The Ithaca area doesn’t have too much going on in terms of sports outside of IHS. The nearest major league teams are far off in Buffalo and New York City, and even the closest minor league baseball teams (the Auburn Doubledays and my personal favorites, the Binghamton Rumble Ponies) are 45- and 65-minute drives away, respectively. Cornell and Ithaca College may have sizable lineups of varsity athletic teams, but many of those are not exactly competitive—take Cornell’s basketball team, which struggled to an 8-21 record last season, or their football team, which finished 4-6. Attendance at these events is rather lackluster these days, and it’s not hard to see why; college students have better things to do than watch sports teams fail to perform on a consistent basis.
However, there’s one collegiate sports team in Ithaca that is not only perennially competitive but creates a fun and entertaining atmosphere for both students and us “townies” alike: Cornell’s hockey team.
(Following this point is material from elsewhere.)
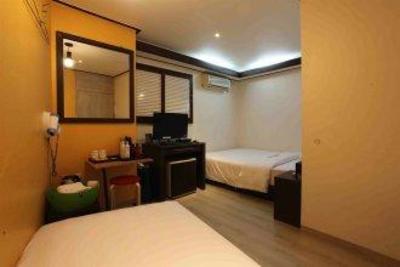 фото отеля Hotel Sarangbang Yongsan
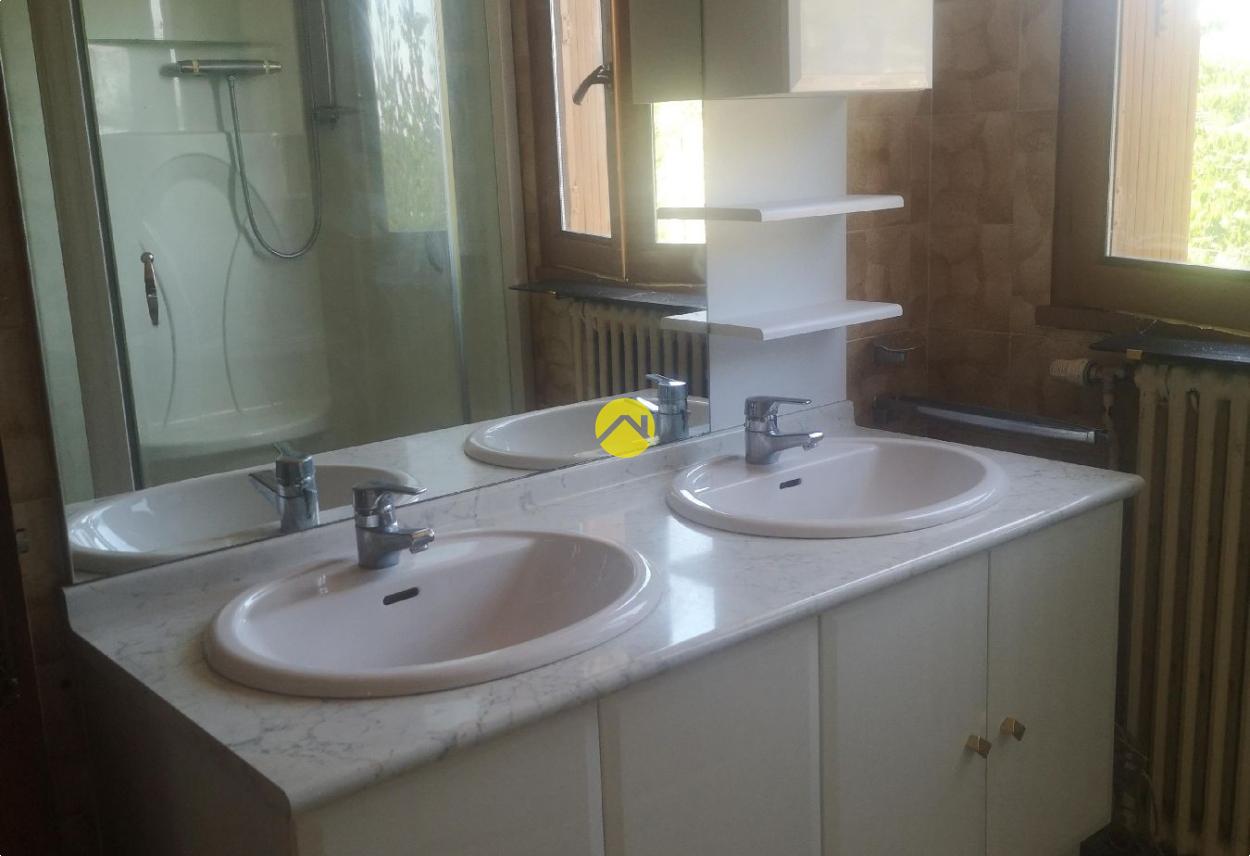 Maison 6 pièces 154 m² à Bléneau, photo 7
After a few years of frustration and missed potential, Cornell finally broke through to the NCAA hockey tournament last year for the first time since 2012. Despite a disappointing loss to UMass Lowell in the first round of that tournament, Cornell looks to have convincing potential heading into next season.
The team returns their top three goal-scorers from last year, most notably Mitch Vanderlaan and fifth-round NHL draft pick Anthony Angello. Meanwhile, the Big Red’s defensive core will stay strong, with the dynamic Alec McCrea leading the group. Returning defenseman Yanni Kaldis should also be able to provide some offensive firepower from that position. Perhaps the most interesting and significant question remaining to be answered, though, is at the position of goalie. The only returning goaltender on the roster for Cornell this year is Hayden Stewart, who is the presumptive starter after the graduation of three-year starter Mitch Gillam. Stewart will be challenged by freshmen Matthew Galajda and Austin McGrath, who both have shown considerable talent on their previous junior hockey teams. Though this forces a difficult decision onto the shoulders of coach Mike Schafer as he enters his twenty-third season, it is always better to have too much goaltending talent than too little. The solid combination of talent and experience for the Big Red at just about every position could very well get them a return to the NCAA tournament in the spring of 2018.
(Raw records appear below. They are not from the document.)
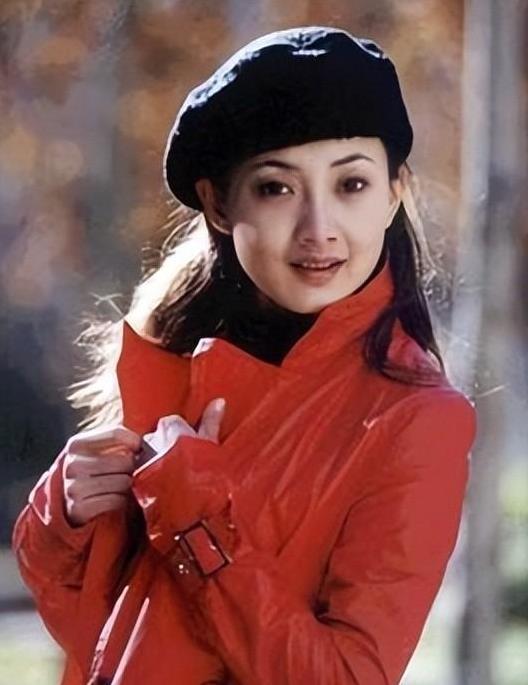 演员牛莉：是运动冠军也是小品女王，嫁给普通丈夫很知足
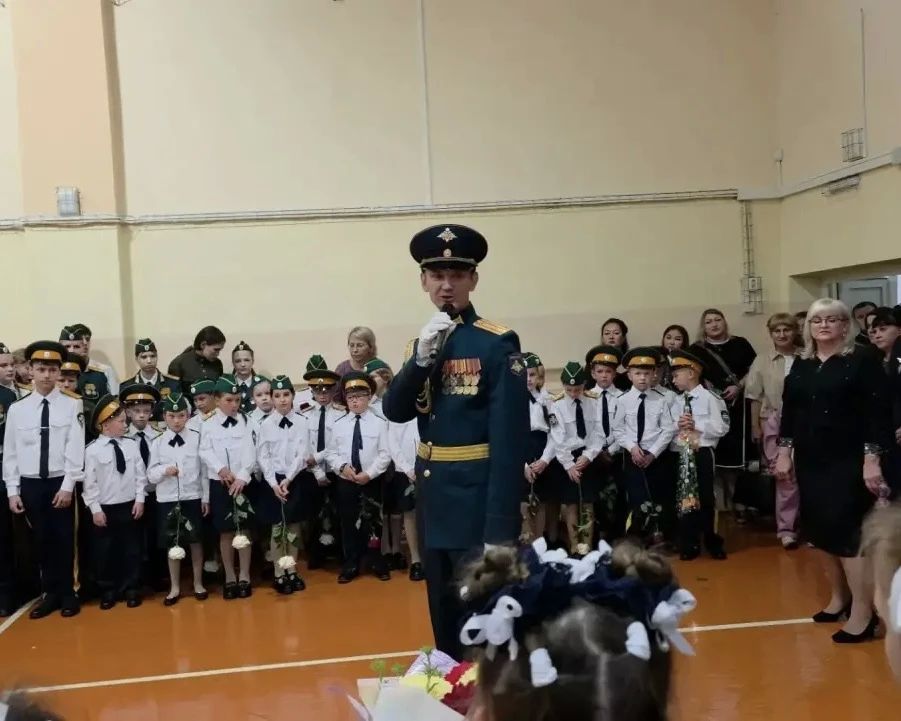 Быть рядом: ветераны СВО проводили детей своих боевых товарищей в школу Быть рядом: ветераны СВО проводили детей своих боевых товарищей в школу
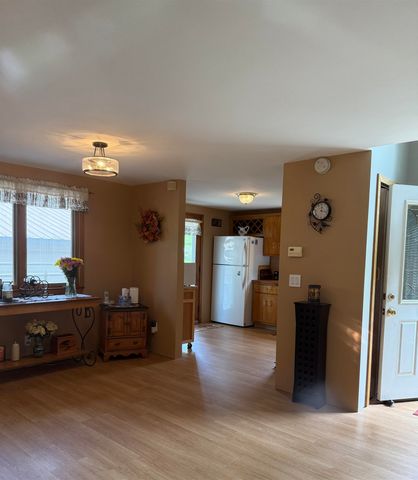 13 Country Road, Hampstead, NH 03826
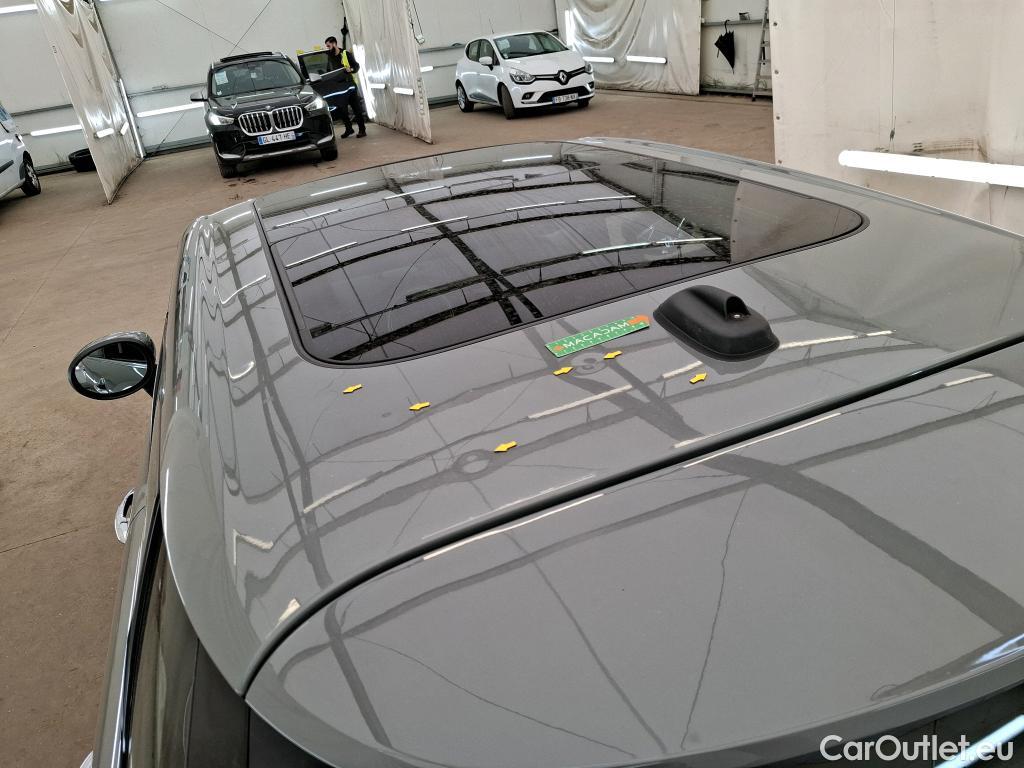  Mini  Cooper MINI Mini / 2014 / 5P / Berline One Edition Greenwich 102 ch #18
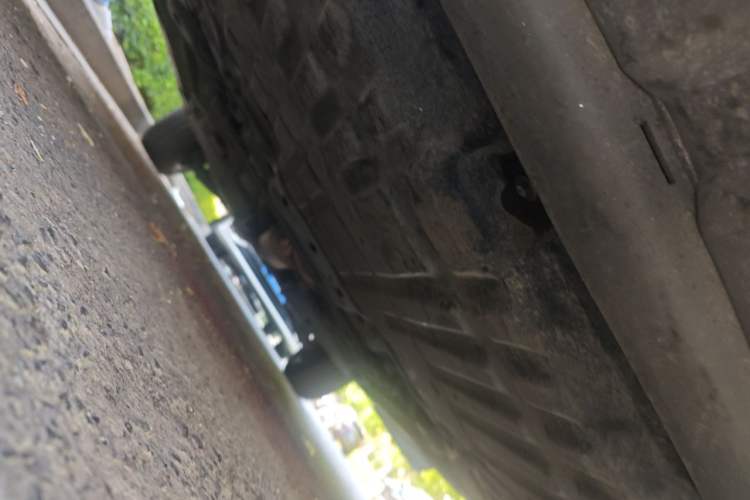 Used Land Rover Discovery Sport 2016 2.0T SE Chassis Front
The important thing to note, however, is that the entertainment value of Cornell hockey is not limited to the high probability of the team’s success. Just about everyone can find something to love about the experience of attending a game, whether it’s the fast-paced and competitive play, listening to the absurd chants of the student section, or just having an excuse to eat overpriced junk food. Therefore, I recommend that everyone tries to make it out to at least one game this year for a sports experience that anybody can enjoy.